By Peter Finn
Washington Post Staff Writer
Tuesday, November 18, 2008
The chief military judge at Guantanamo Bay announced his immediate retirement yesterday, effectively scuttling the slim chances that the trial of conspirators in the Sept. 11, 2001, attacks could get underway before the Bush administration ends.
Judge Ralph H. Kohlmann, a Marine colonel, had been overseeing proceedings against major defendants at the military prison in Cuba, including Khalid Sheik Mohammed, the self-professed mastermind of the attacks. It has long been a goal of some Pentagon officials, particularly those appointed by the Bush administration, to begin the capital trial of the Sept. 11 conspirators before leaving office.

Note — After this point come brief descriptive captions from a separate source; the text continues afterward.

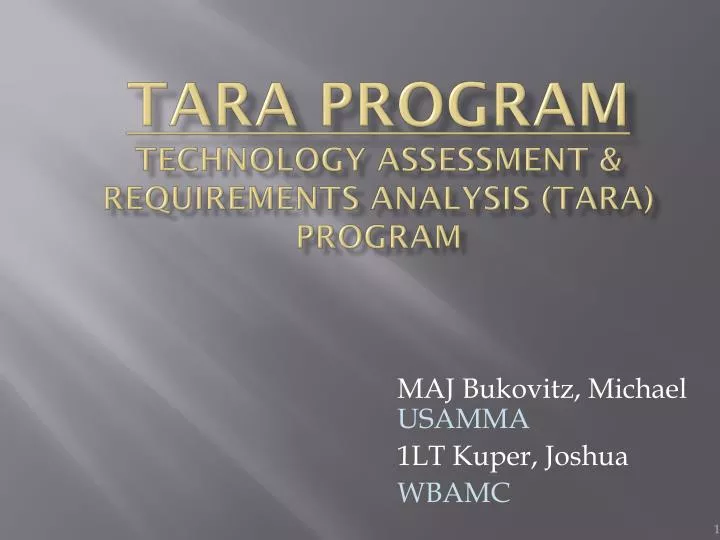 tara program technology assessment requirements analysis tara program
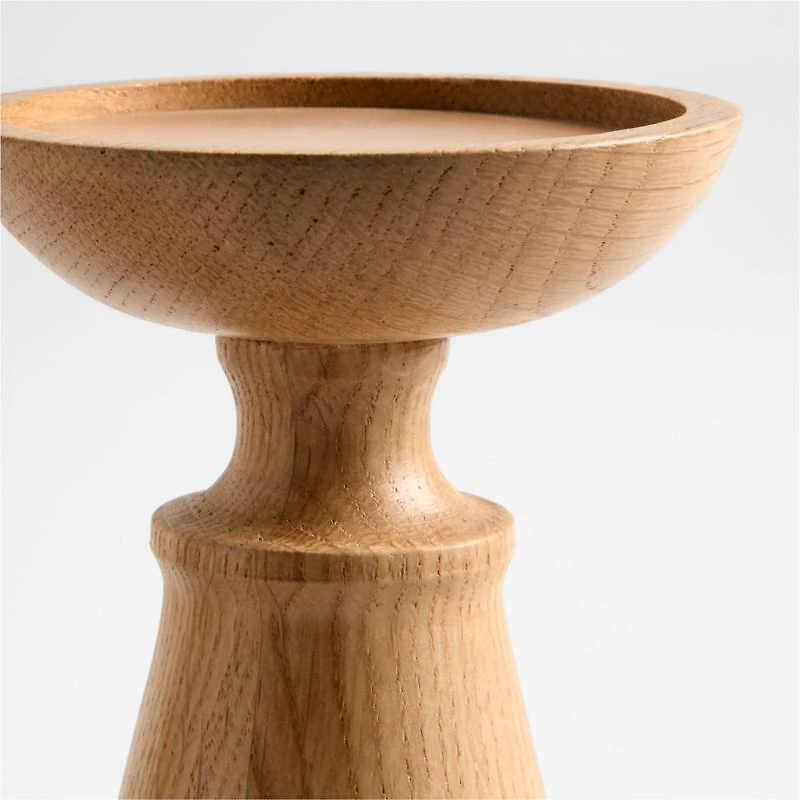 Izumo Small Oak Pillar Holder 4.4"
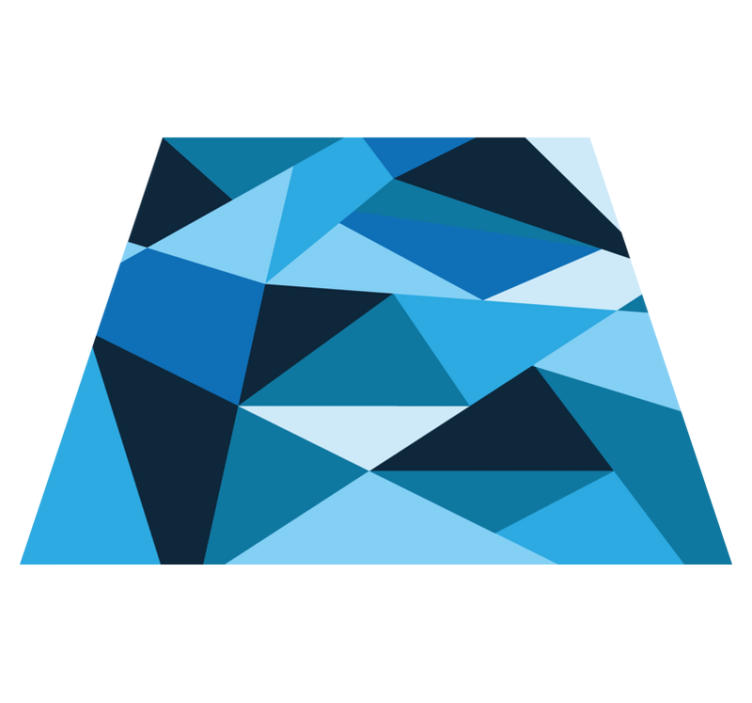 Tappeto vinile geometrico motivi triangolari blu - TenStickers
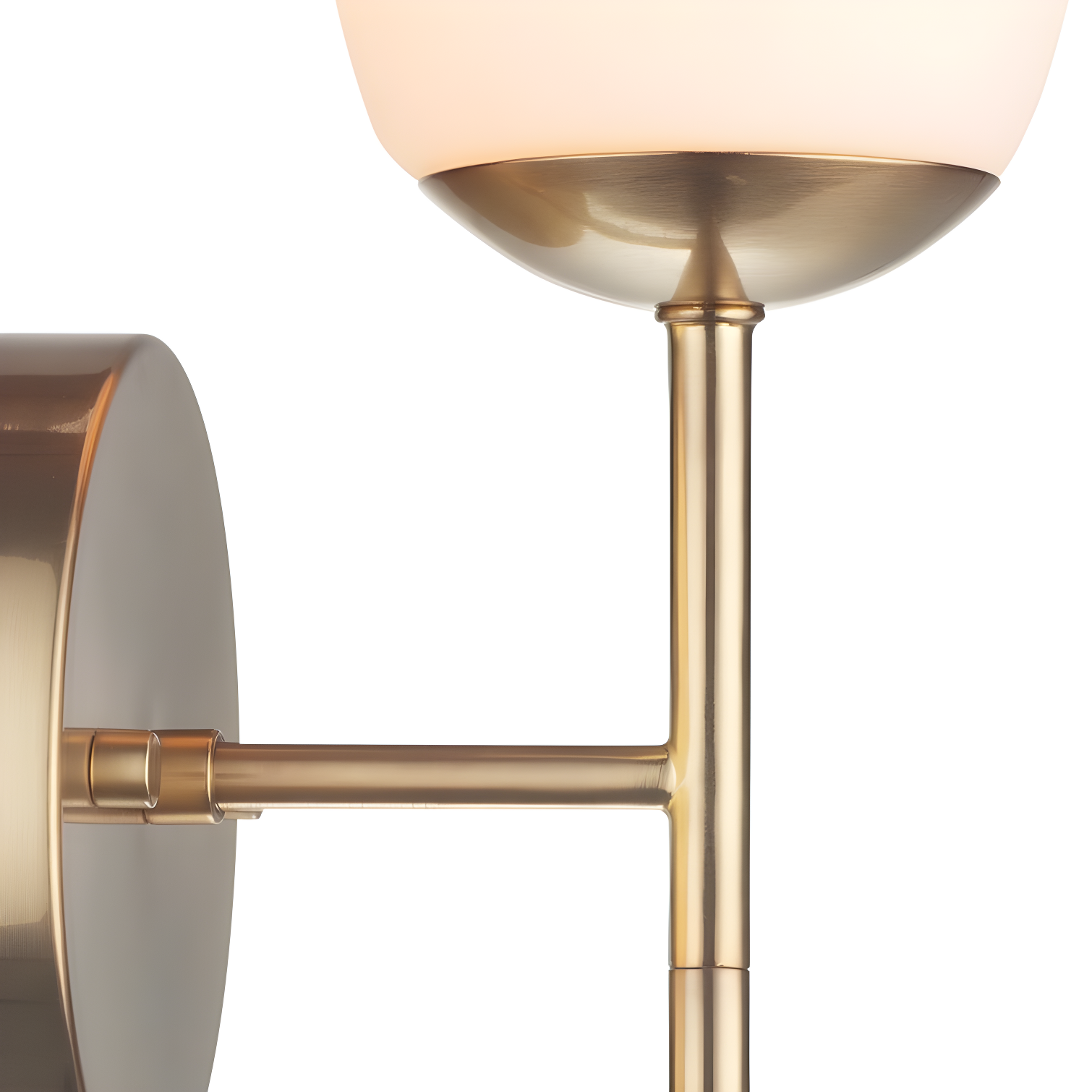 1-Light Matte Brass Plug-In or Hardwire Wall Sconce with Opal Glass Shade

Kohlmann, who was scheduled to retire in April and already had lined up a job, appointed Judge Stephen Henley, an Army colonel, to take over the trial of Mohammed and four co-defendants.
Henley now must hold a hearing at which the defendants can explore the judge's potential biases, a proceeding that Kohlmann had already overseen. Henley also will have to acquaint himself with Kohlmann's decisions in the case and prepare for upcoming hearings on defense motions. At the same time, Henley is scheduled to oversee a separate trial of a Guantanamo detainee in January.
"I didn't think there was a chance this would go to trial any time soon, even with Judge Kohlmann," said Navy Lt. Cmdr. Brian Mizer, a military defense lawyer who represents Ammar al-Baluchi (whose formal name is Abdul Aziz Ali), an alleged Sept. 11 co-conspirator.
Pentagon officials said they were unable to reach Kohlmann for comment Monday.
The ACLU questioned the motives behind Kohlmann's departure, suggesting it may be part of a ploy to speed up proceedings.
"We cannot allow the Bush administration to sabotage President-elect Obama's plans by ramming through these cases in its last days while the new administration is making plans to dismantle the military commission system," Anthony D. Romero, executive director of the ACLU, said in a statement. Obama also has pledged to close the military prison.
But Pentagon officials said there was no ulterior motive.
"It is not uncommon for a judge to change during the course of a case," said Joseph DellaVedova, a spokesman for the Office of Military Commissions. "Folks are trying to make a mountain out of a molehill and dig for connections that aren't there."
At a hearing in September, Kohlmann rejected a motion by Mohammed that the judge disqualify himself because his imminent retirement could disrupt the process.
Kohlmann, who is responsible for appointing judges to cases at Guantanamo, selected himself for the 9/11 proceeding. He said in September that Mohammed's claims were "completely wrong" and rejected the motion.